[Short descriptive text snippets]
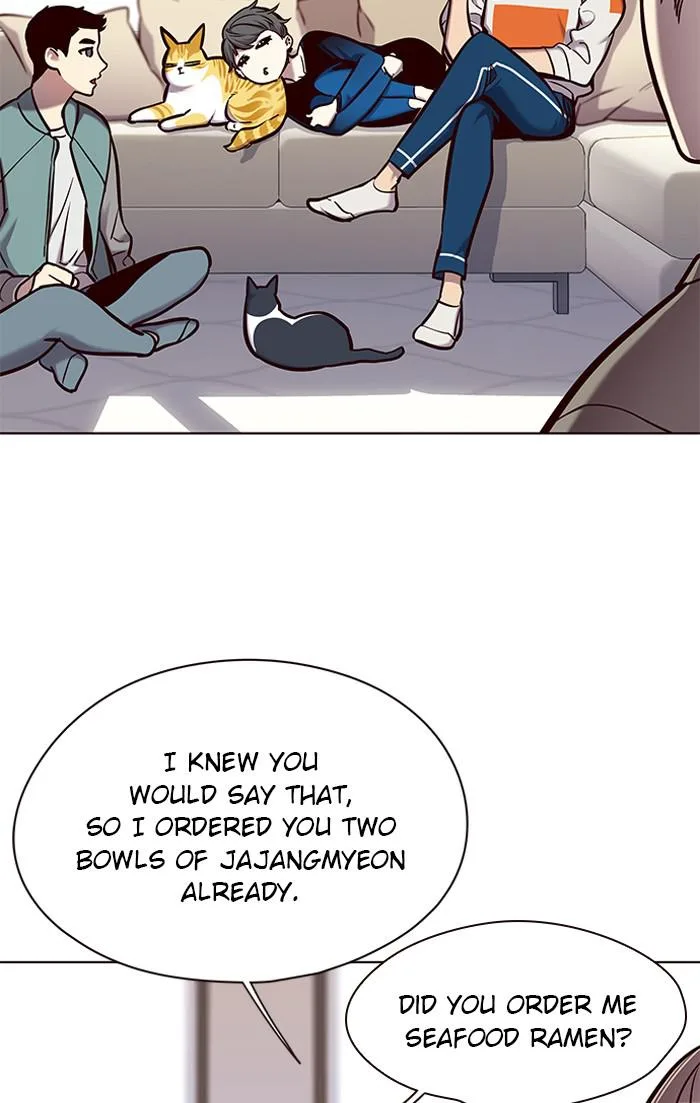Eleceed - Chapter 124 - Page 43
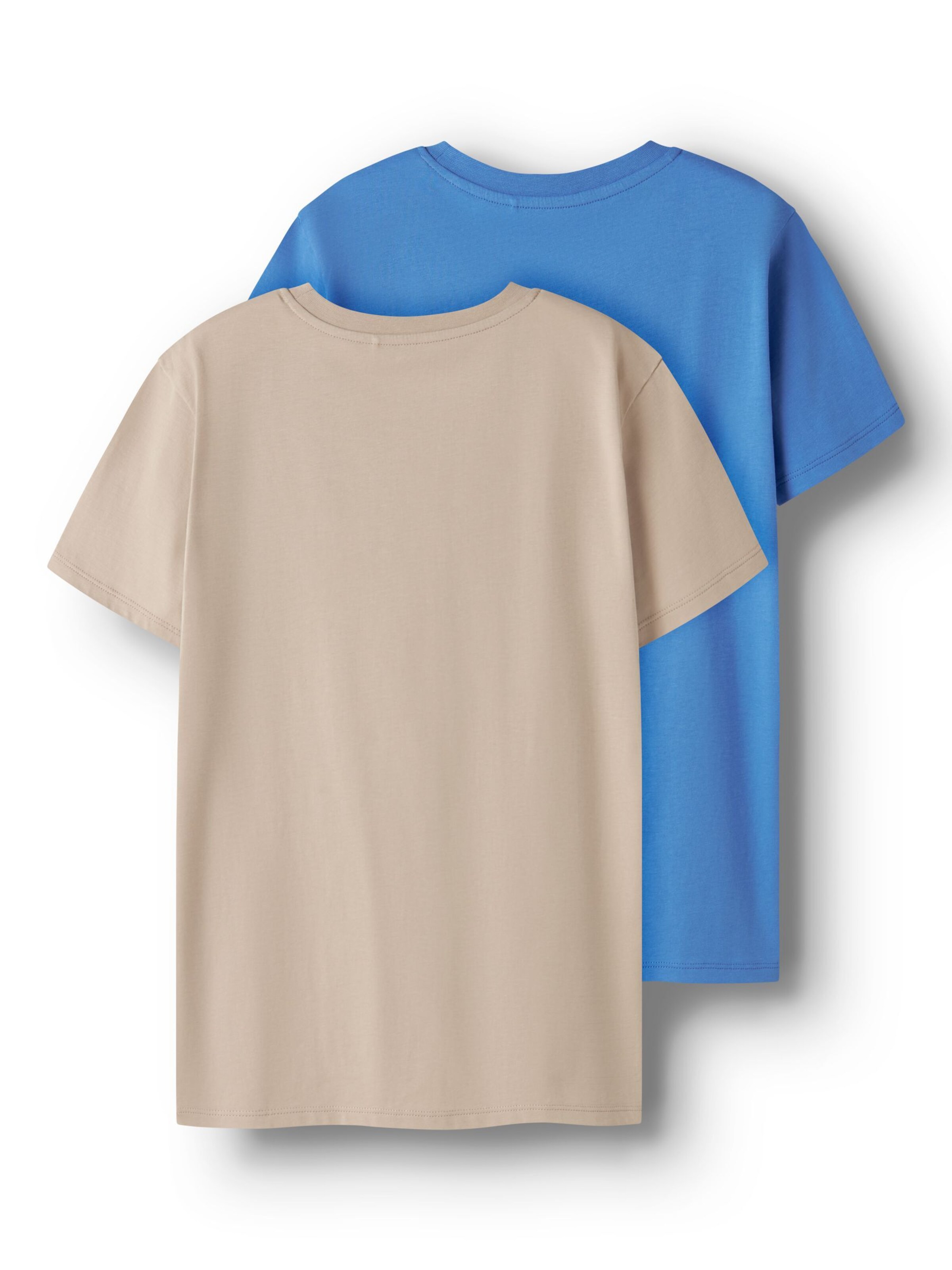 TWO SOON - Camiseta en beige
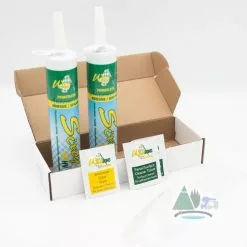 Winbond 60HV Primerless Adhesive Kit - 2 Cartridges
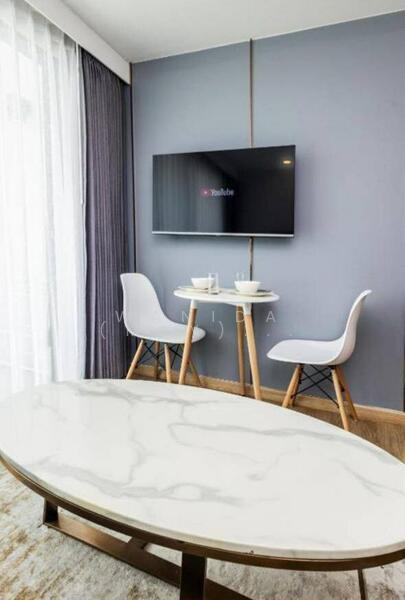 Mercury Wyndham La Vita, Phuket, 99/99 Moo 2, Rawai, Muang Phuket, Phuket, 2 Bedrooms, 55 sqm, Condo For Sale, by Wanida (May) Mahawong, 500144699 - DDproperty.com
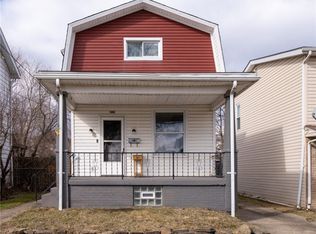 582 E Madison St, Rochester, PA 15074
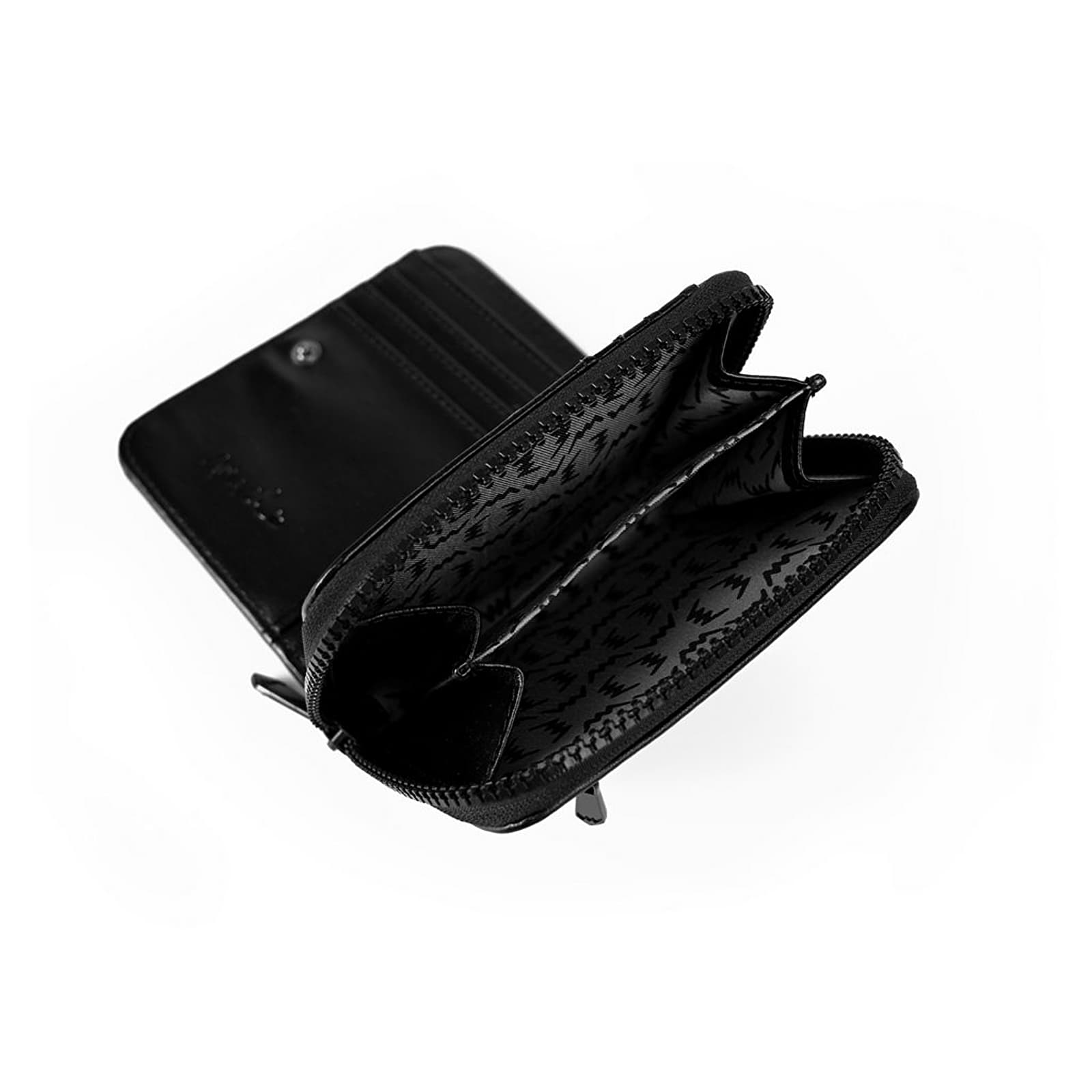 Carteras Vuch Gibson Black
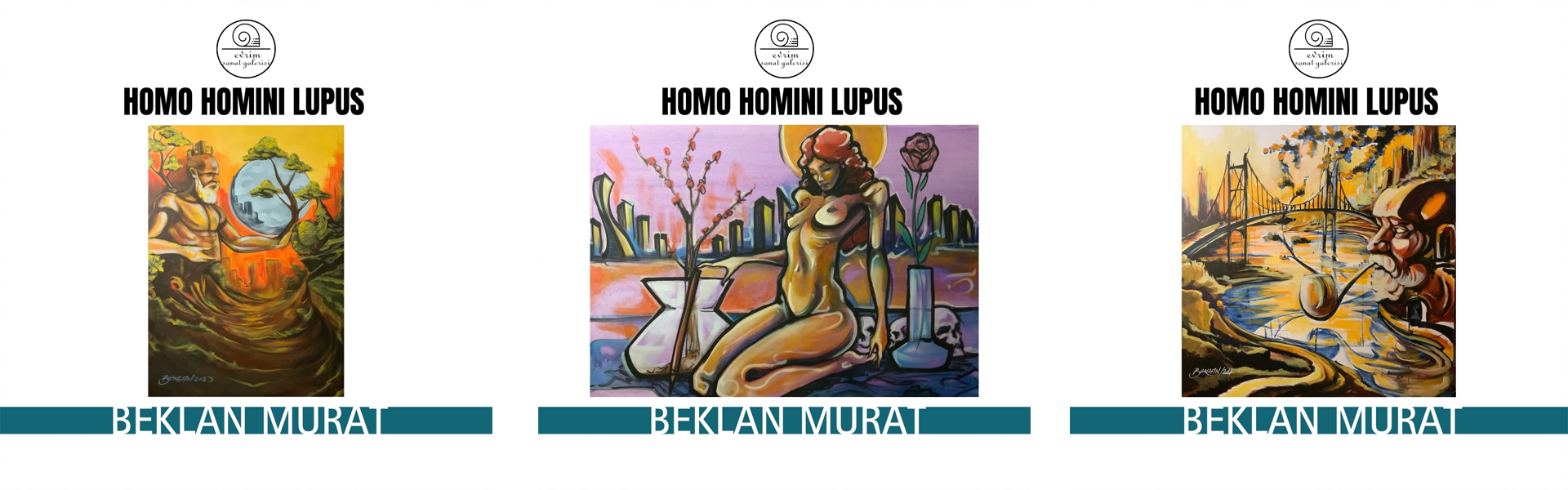 Beklan Murat Koleksiyonu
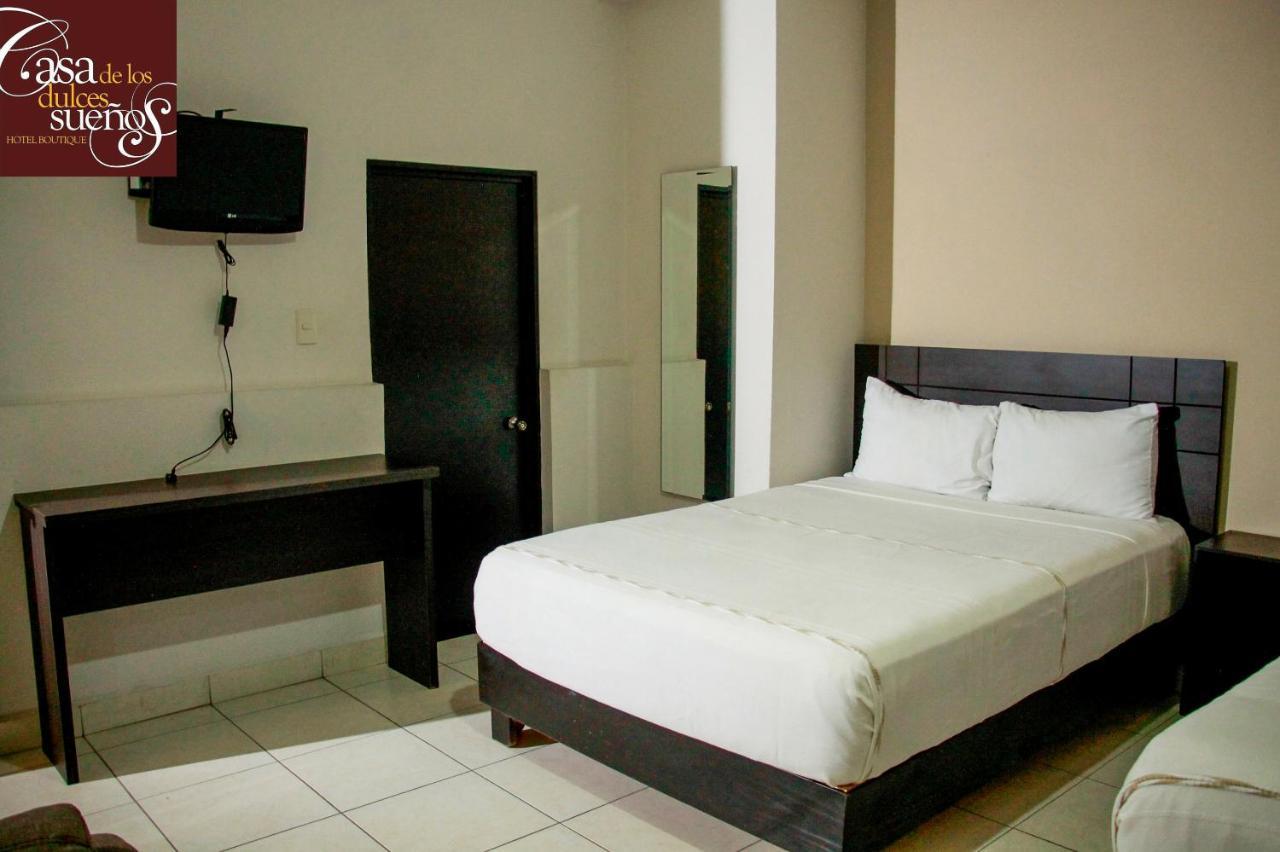 Hotel Casa De Los Dulces S Express موروليا المظهر الخارجي الصورة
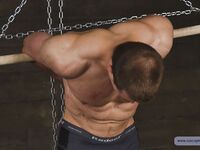 Imprisonment Of Soldier Pavel - Part Ii - RusCapturedBoys - Electric Play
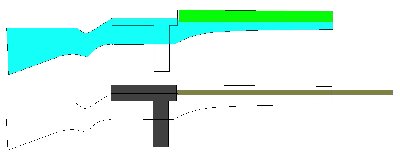 shows stock and internals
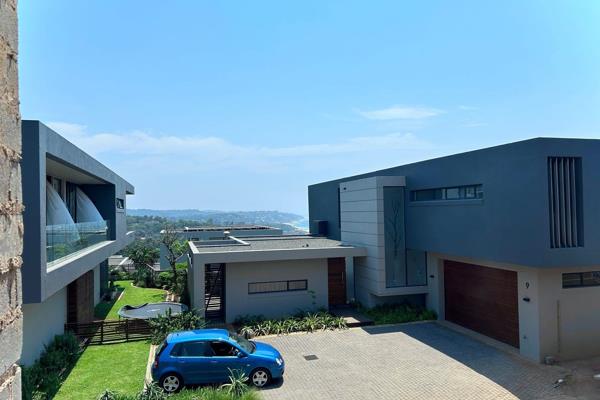 R6 500 000.00 excl vat.  
Unparalleled Coastal Luxury on a sought-after, secure pet friendly estate, in the heart of Salt Rock. These ...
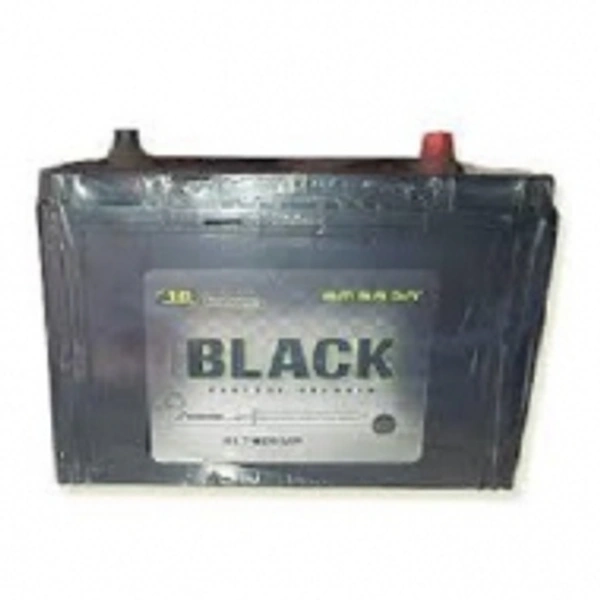 Amaron Black AAM-BL-0BL800LMF ( 80Ah ) 18 Month Warranty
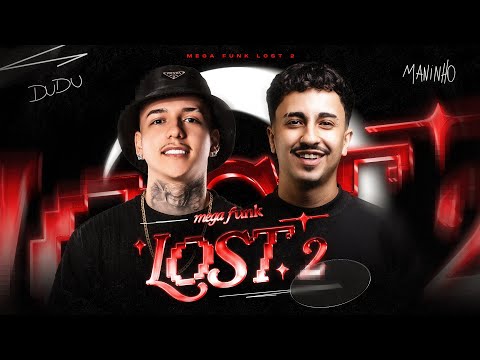 DJ Maninho and Dj Dudu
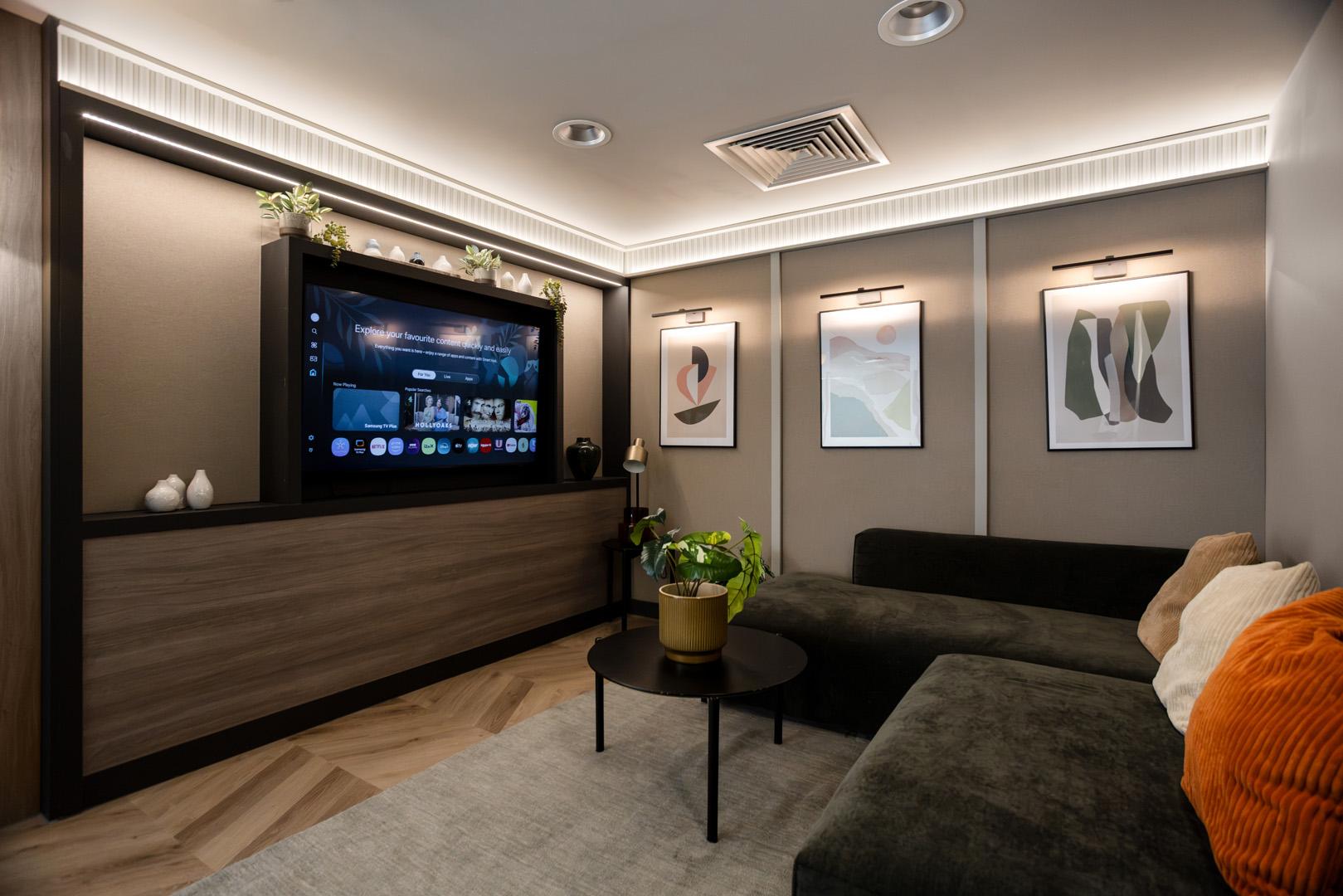 Premium Studio - 39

Exercise brief =>
Word for word, write out the lines from the top of the records above down to the line holding "Winbond 60HV Primerless", inclusive, but not the pictures.

Response to the task =>
Eleceed - Chapter 124 - Page 43
 TWO SOON - Camiseta en beige
 Winbond 60HV Primerless Adhesive Kit - 2 Cartridges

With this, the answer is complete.